__WORK REQUEST__: Retype the listing exactly, minus its pictures.

__THE DATA__:
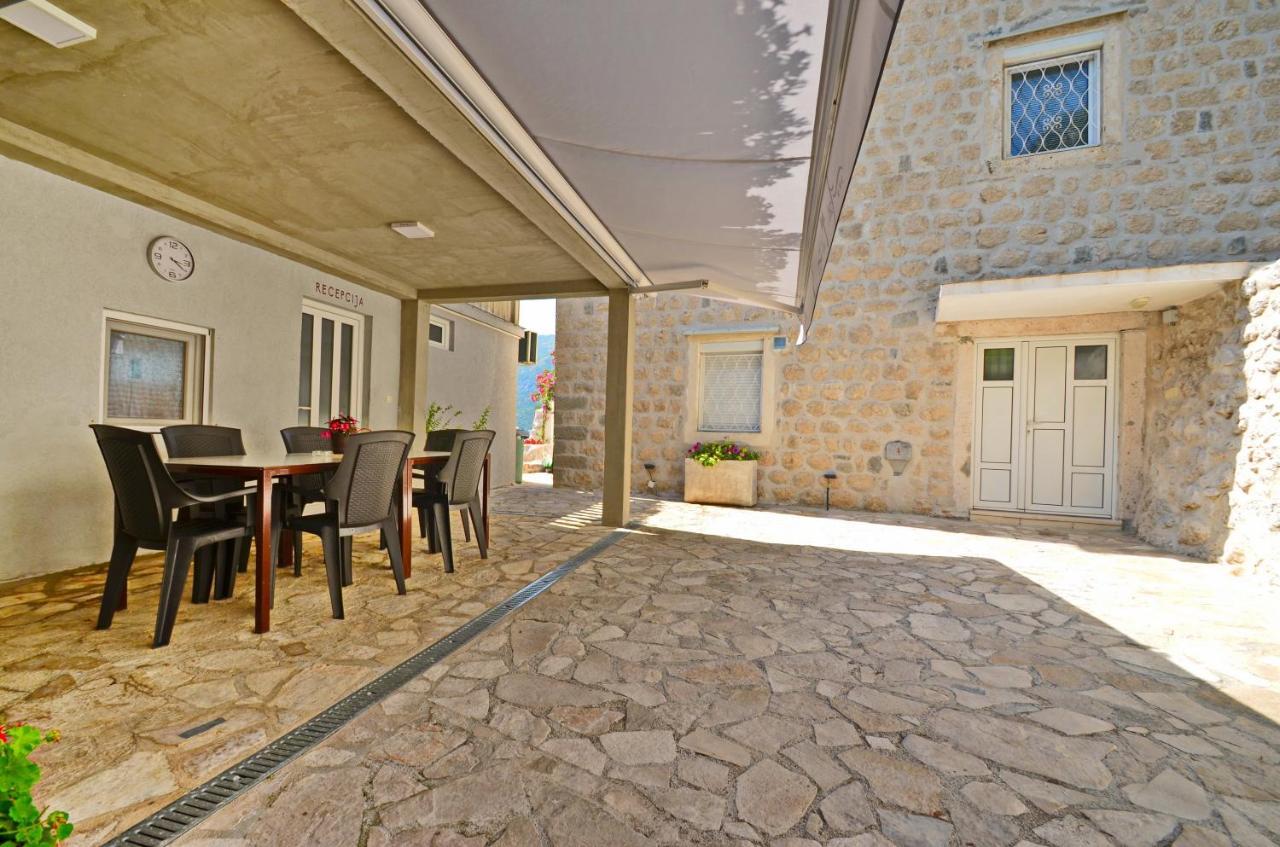 Appartement Tau Mir I Dobro à Kotor Extérieur photo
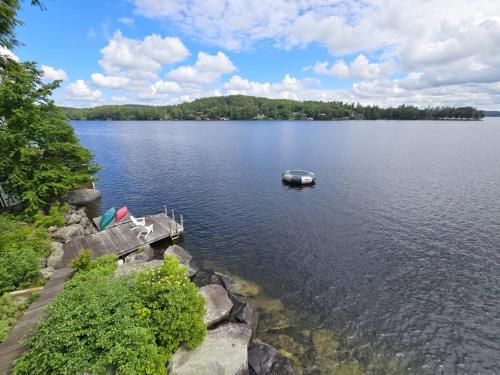 Gallery image of Valhalla in Sunapee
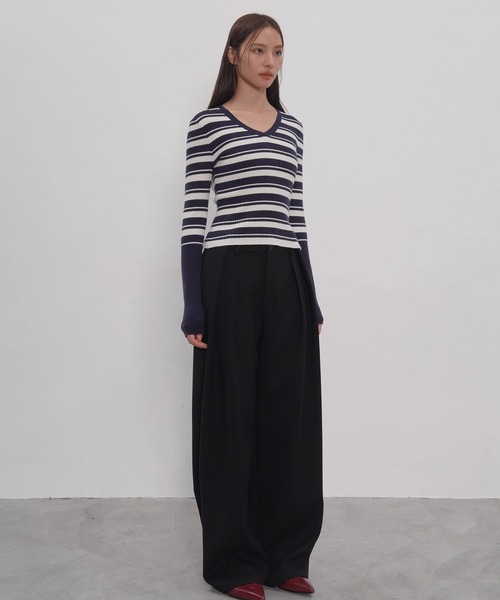 EIGHTHMONTH(エイスマンス)の「Vネックボーダーリブニット EM25a148【EIGHTHMONTH】(Tシャツ/カットソー・レディース・ネイビー・M/S)」の6枚目の写真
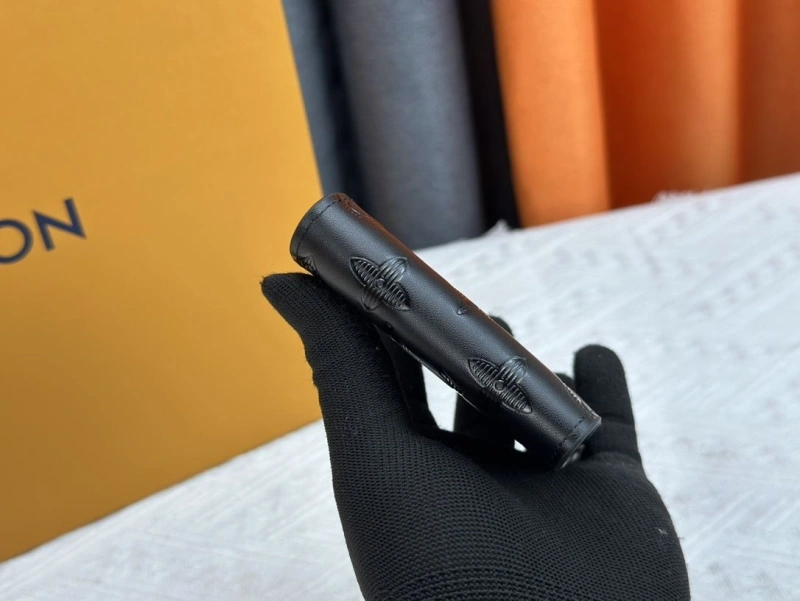 LV Wallets 4233H-0351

__THE COMPLETED TASK__:
 Appartement Tau Mir I Dobro à Kotor Extérieur photo
 Gallery image of Valhalla in Sunapee
 EIGHTHMONTH(エイスマンス)の「Vネックボーダーリブニット EM25a148【EIGHTHMONTH】(Tシャツ/カットソー・レディース・ネイビー・M/S)」の6枚目の写真
 LV Wallets 4233H-0351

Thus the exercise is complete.